Tribunal Administratif de Châlons-en-Champagne — Décision N° TA51-2401693

mardi 23 juillet 2024

JuridictionTribunal Administratif de Châlons-en-Champagne
SectionTribunal Administratif de Châlons-en-Champagne
N° DossierTA51-2401693
TypeDécision
RecoursExcès de pouvoir
PublicationC
FormationJuge unique - Eloignement
Avocat requérantSCP CLEMANG ET ASSOCIÉS

Texte intégral

Vu la procédure suivante :

Par une requête, enregistrée le 10 juillet 2024, M. D A, représenté par la SCP Clemang, demande au tribunal :

1°) d'annuler l'arrêté du 4 juillet 2024, notifié le 8 juillet 2024, par lequel la préfète de la Haute-Marne a rejeté sa demande de titre de séjour, lui a fait obligation de quitter le territoire français dans un délai de trente jours, a fixé le pays de destination, lui a interdit le retour sur le territoire français pendant une durée d'un an, et l'a astreint à se présenter deux fois par semaine au commissariat de Saint Dizier et de demeurer dans le département de la Haute-Marne ;

2°) d'enjoindre à la préfète de la Haute-Marne de lui délivrer un titre de séjour dans un délai d'un mois à compter de la notification du jugement à venir ;

3°) de mettre à la charge de l'Etat une somme de 2 000 euros en application de l'article L. 761-1 du code de justice administrative.

Il soutient que :

En ce qui concerne la décision portant refus de séjour :

- la décision est entachée d'une erreur de fait et d'une erreur de qualification juridique des faits, son comportement ne pouvant constituer une menace à l'ordre public ;

- elle méconnaît 8 de la convention européenne de sauvegarde des droits de l'homme et des libertés fondamentales ;

- elle est entachée d'erreur manifeste d'appréciation quant aux conséquences sur sa situation personnelle ;

En ce qui concerne la décision portant obligation de quitter le territoire français :

- il est excipé de l'illégalité de la décision portant refus de séjour ;

En ce qui concerne la décision portant interdiction de retour sur le territoire français :

- elle méconnaît l'article 8 de la convention européenne de sauvegarde des droits de l'homme et des libertés fondamentales ;

Par un mémoire en défense, enregistré le 22 juillet 2024, la préfète de la Haute-Marne conclut au rejet de la requête.

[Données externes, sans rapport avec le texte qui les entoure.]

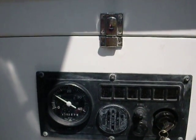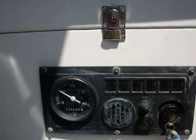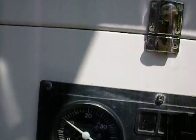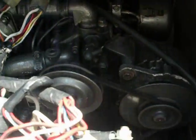Here's the Yanmar 2GM running right now at 1,000 RPM. It should be half volume here so you can hear how smooth it is — there's hardly any vibration at all, nothing shaking. Now I'm going to open up the engine and see it move on the motor mount.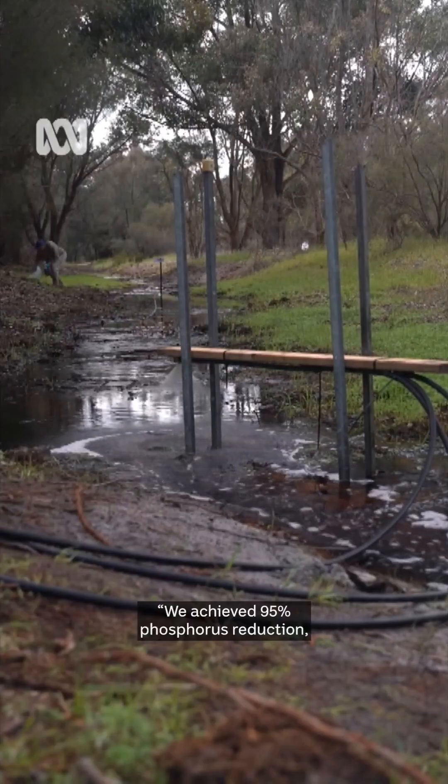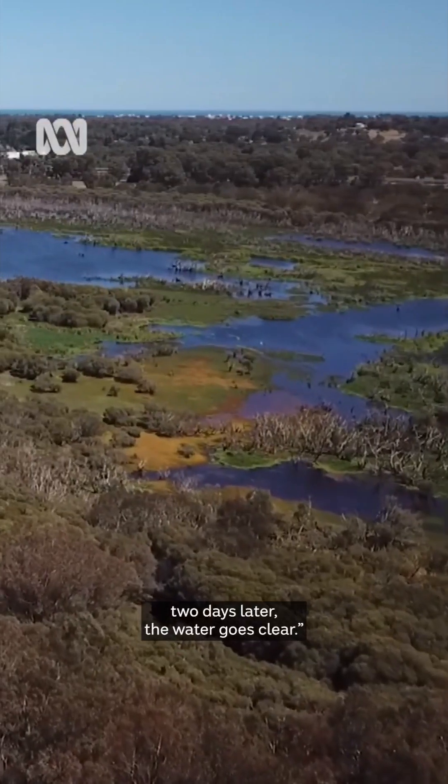We've achieved 95% phosphorus reduction, which is astonishing. We've seen the bottom two days later when the water goes clear.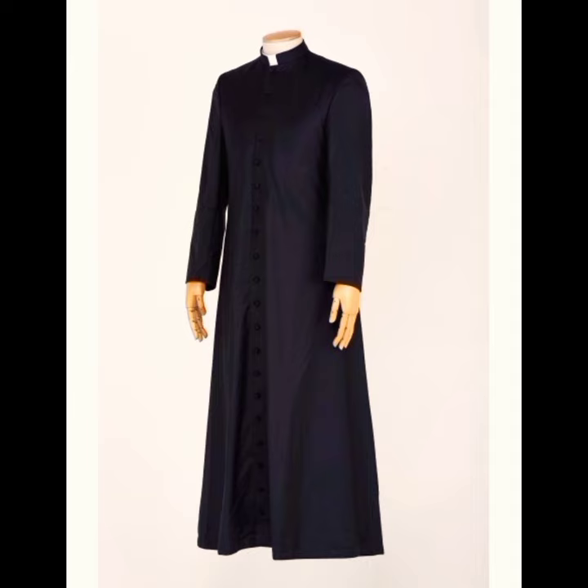Worn by priests, deacons, or seminarians. It is a sign of consecration to God. Black is associated with simplicity and humility, and it reminds the need to imitate those virtues.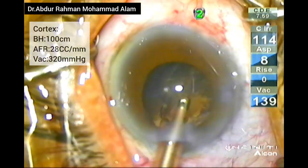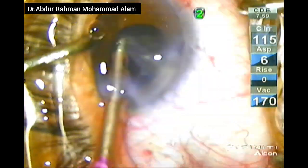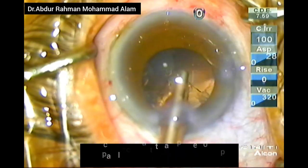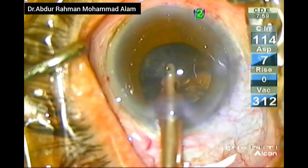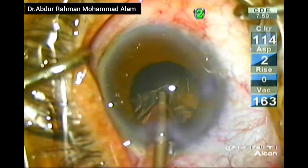Now I am performing cortical removal with a straight tip IA. I am successfully removing all the cortex. This cortex is a little bit thick and unable to remove easily. You can either increase the vacuum or use a spatula to crush the cortex in the aspiration port. In a 360-degree manner, I am removing all the cortex from the capsular bag.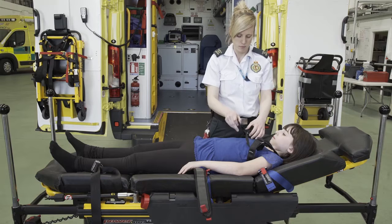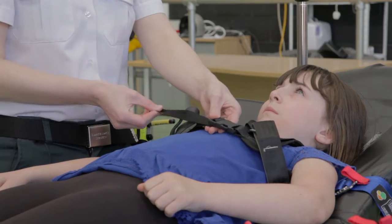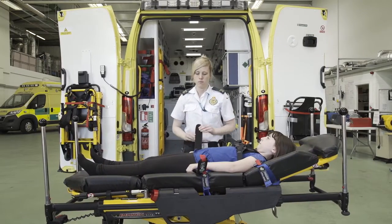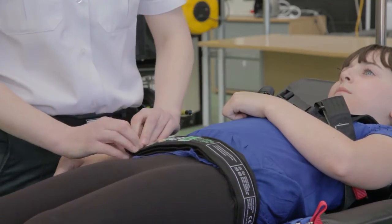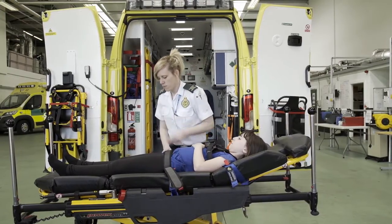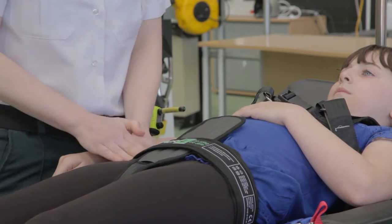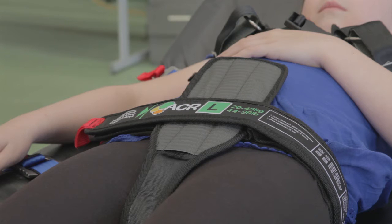Repeat this on the other shoulder and then secure the chest strap. Bring the single waist strap across the child's waist. Fit and engage the double waist strap across the single waist strap and press firmly together. Lift and peel back the outer waist strap with the red tab. Position the crotch strap centrally. Close and engage the outer waist strap and press firmly together. Ensure the markers have sufficient hook and loop engagement in the contact area.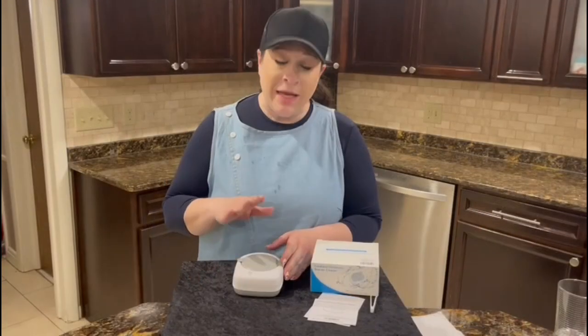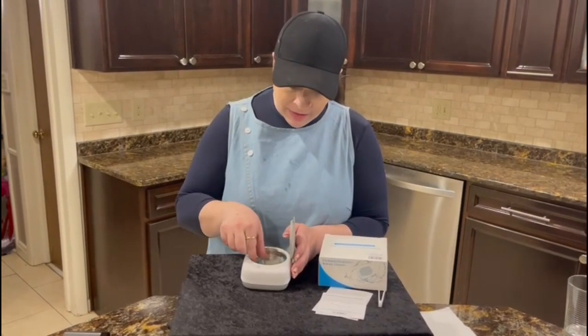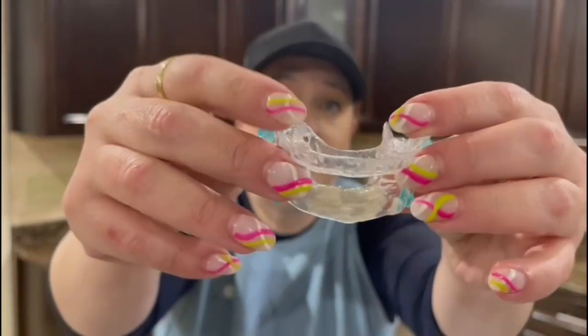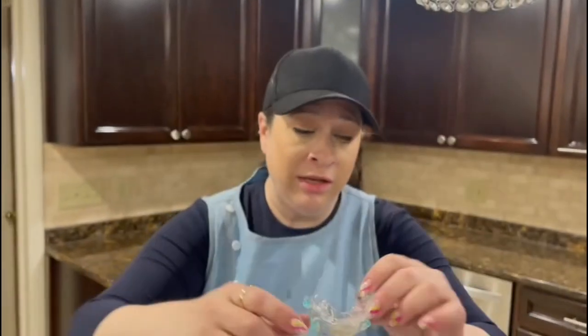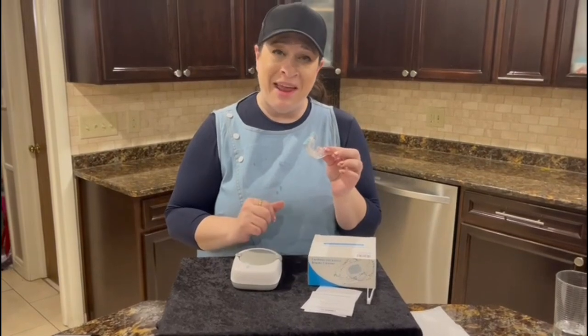It has run for five minutes and it automatically turned off. So let's open it up and see how we did. Oh wow — it is much, much cleaner now. It really did a fantastic job of 360 cleaning, and I highly recommend it. I hope you enjoy.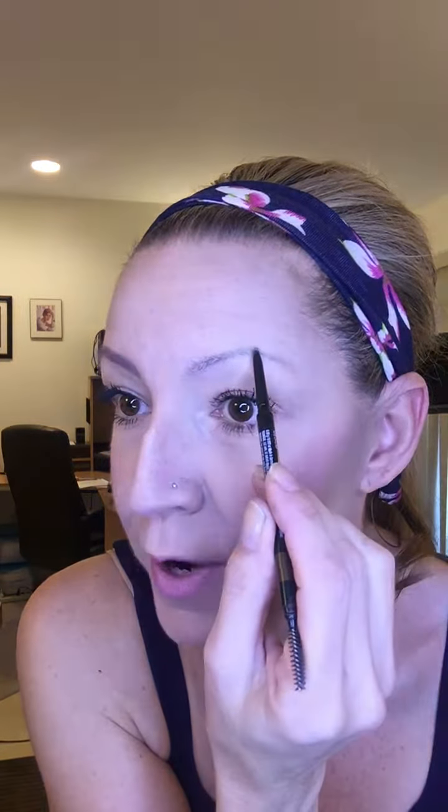The way you actually want to do it is to start at your highest arch point and go in a backwards motion, stroking the pencil into the hair, lightening up your touch as you get towards the nose. Then go back to your high arch and come down.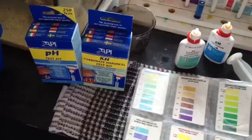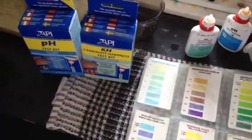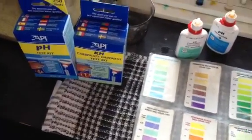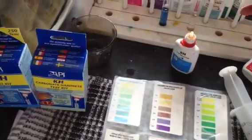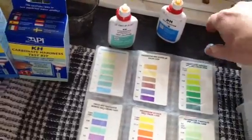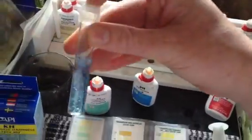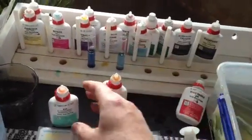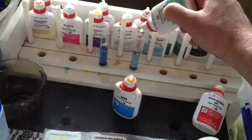The way you test KH is different — there is no color chart for KH. It's a titration test, which means you're counting the drops until it changes color. We put the same amount of water into the test tube, then put in one drop of KH solution. Put the lid on, shake it, and the color comes out blue. You don't count the first drop, because that is the reagent drop.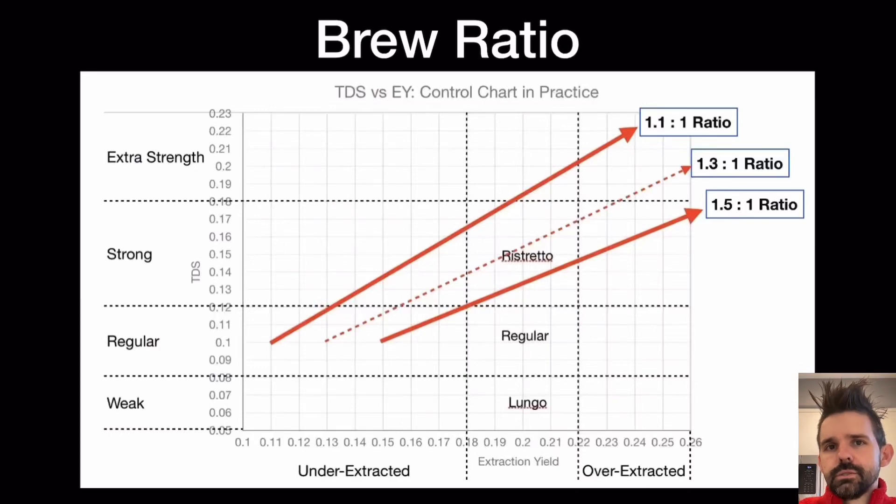Let's talk about brew ratio. A lot of times people brew a two-to-one — so 20 grams in, 40 grams out. It's a two-to-one, though people often refer to it as a one-to-two, saying input then output. In ratios, I like to have the bigger number on the left side of the colon.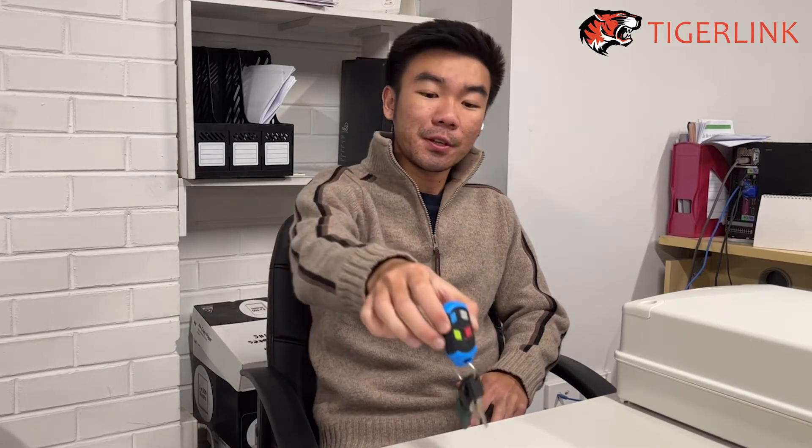Hi guys, this is Ton from TigerLink. Welcome back to another tutorial video. In this video we're going to be going through how to pair a Senses Remote with a Senses Control Board. Whether you have a D5 or the Senses Vantage, you will follow the same exact steps to pair your remote with the control board.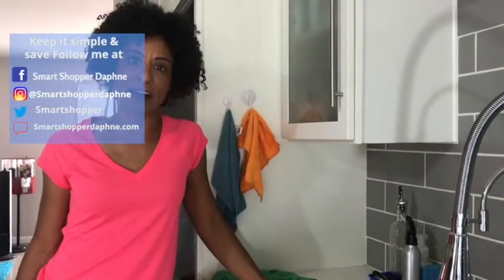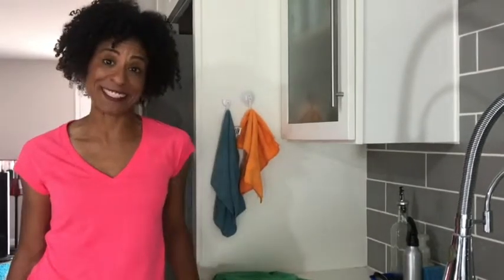These are some awesome, simple solutions. If you want more simplified lifestyle tips, head to my blog at smartshopperdaphne.com. And don't forget, I'm Daphne Monroe, your Smart Shopper.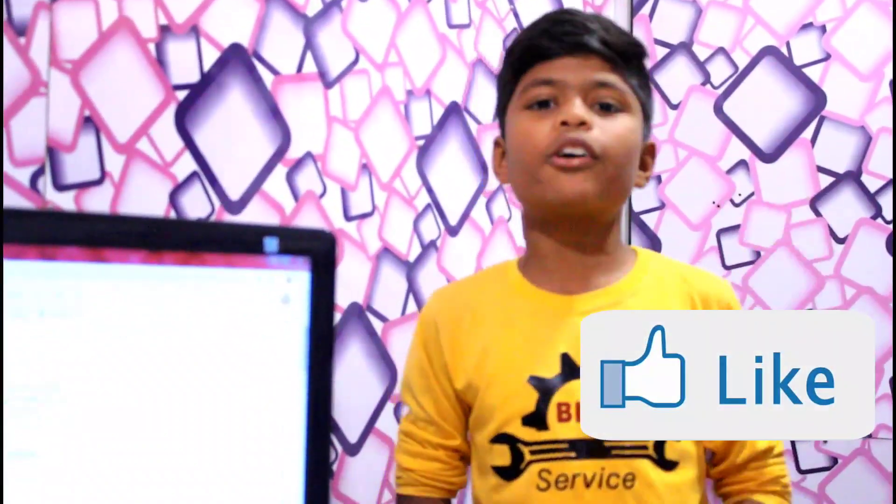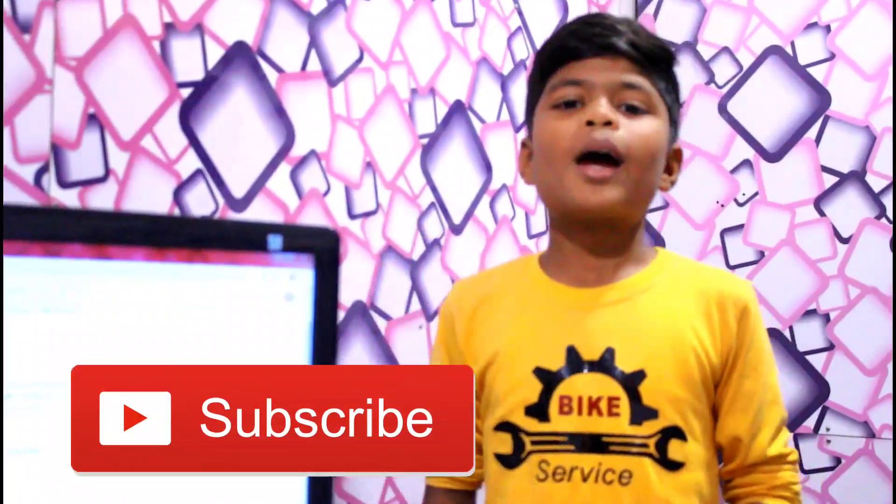Thank you. Like our video. Subscribe the channel. We will see you in the next video. Thank you so much. Bye.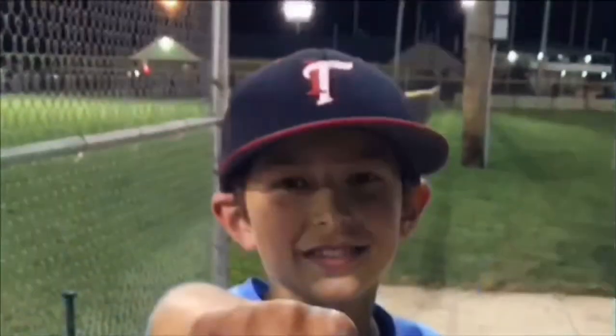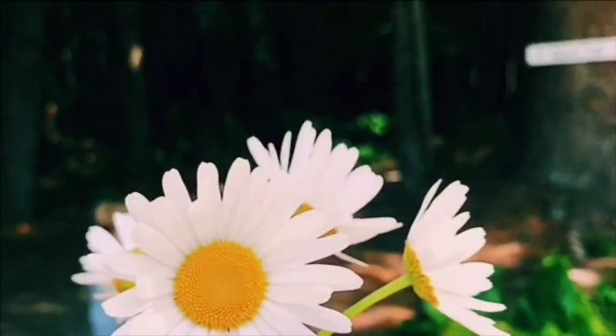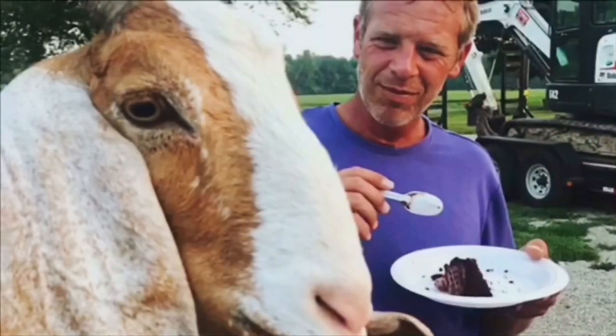Hey guys, I'm Rihanna Baker and welcome back to my channel. Today I'm going to be doing three different ways you can paint your face to show your school spirit.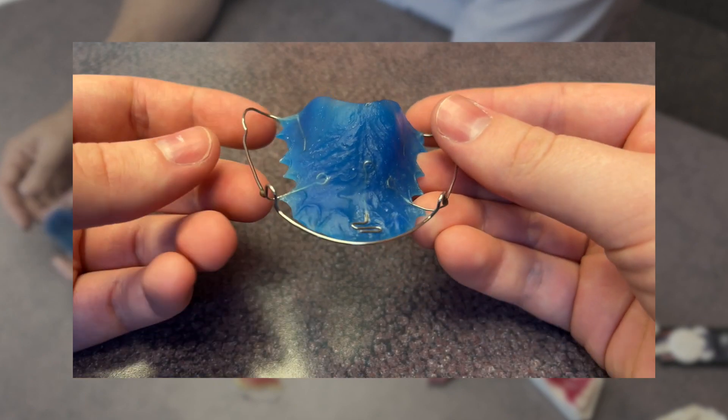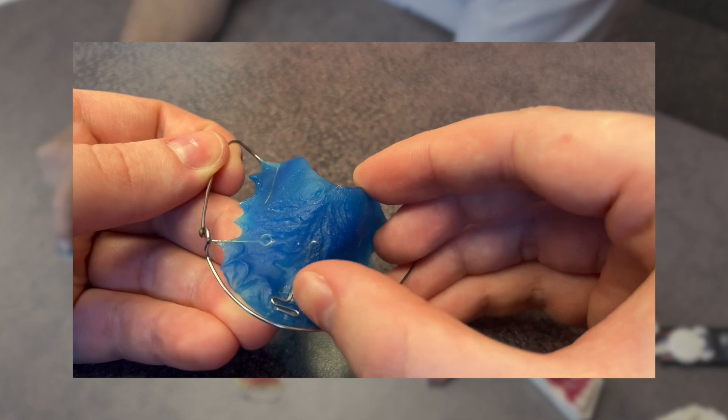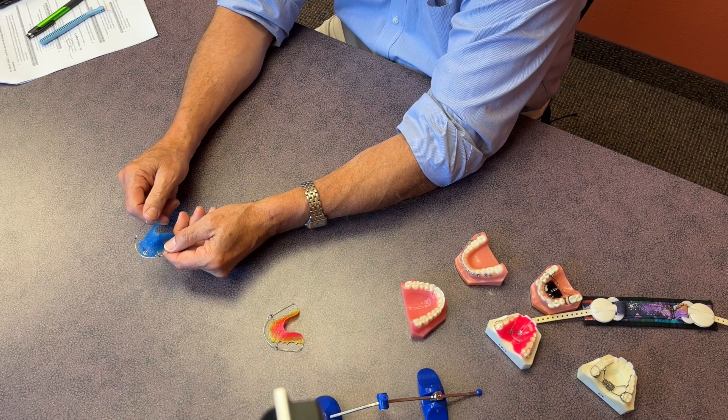Other removable appliances can be as simple as a traditional Hawley retainer. This Hawley retainer happens to have a spring embedded to help change the position of a specific tooth. That recurve spring is adjusted to provide tension or pressure to help move a tooth without displacing it from resting in the teeth.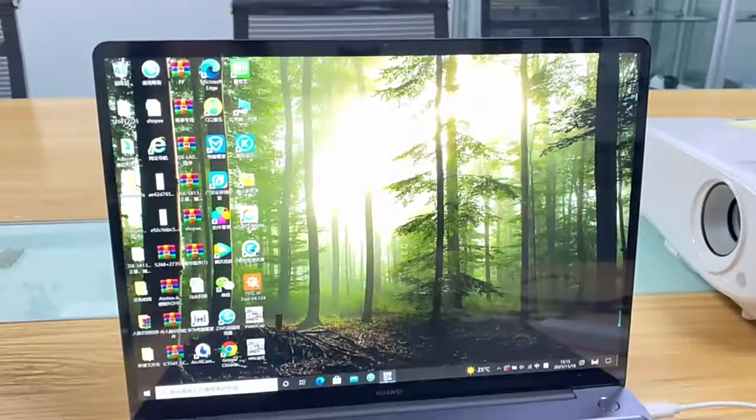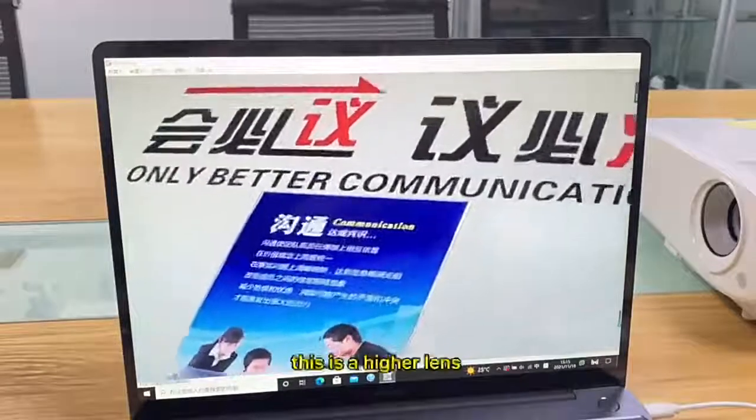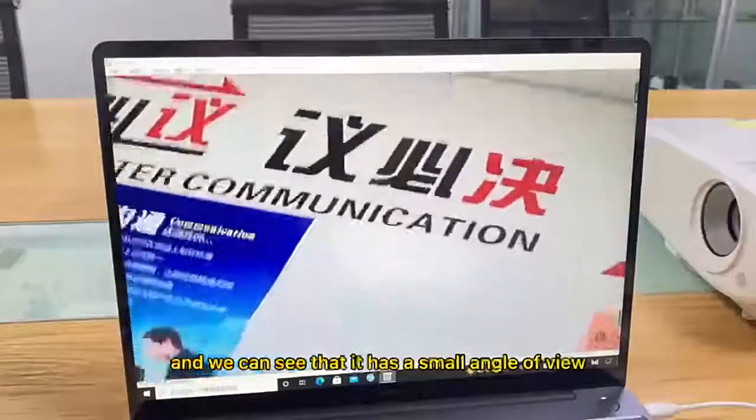This is the higher lens, and we can see that it has a small angle of view.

Il soutient que les moyens soulevés par M. A ne sont pas fondés.

Vu les autres pièces du dossier.

Vu :

- la convention du 1er août 1995 entre le Gouvernement de la République française et le Gouvernement de la République du Sénégal relative à la circulation et au séjour des personnes ;

- l'accord du 23 septembre 2006 entre le Gouvernement de la République française et le Gouvernement de la République du Sénégal relatif à la gestion concertée des flux migratoires et l'avenant à cet accord signé le 25 février 2008 ;

- la convention européenne de sauvegarde des droits de l'homme et des libertés fondamentales ;

- le code de l'entrée et du séjour des étrangers et du droit d'asile ;

- le code des relations entre le public et l'administration ;

- la loi n°91-647 du 10 juillet 1991 ;

- le code de justice administrative.

Les parties ont été régulièrement averties du jour de l'audience.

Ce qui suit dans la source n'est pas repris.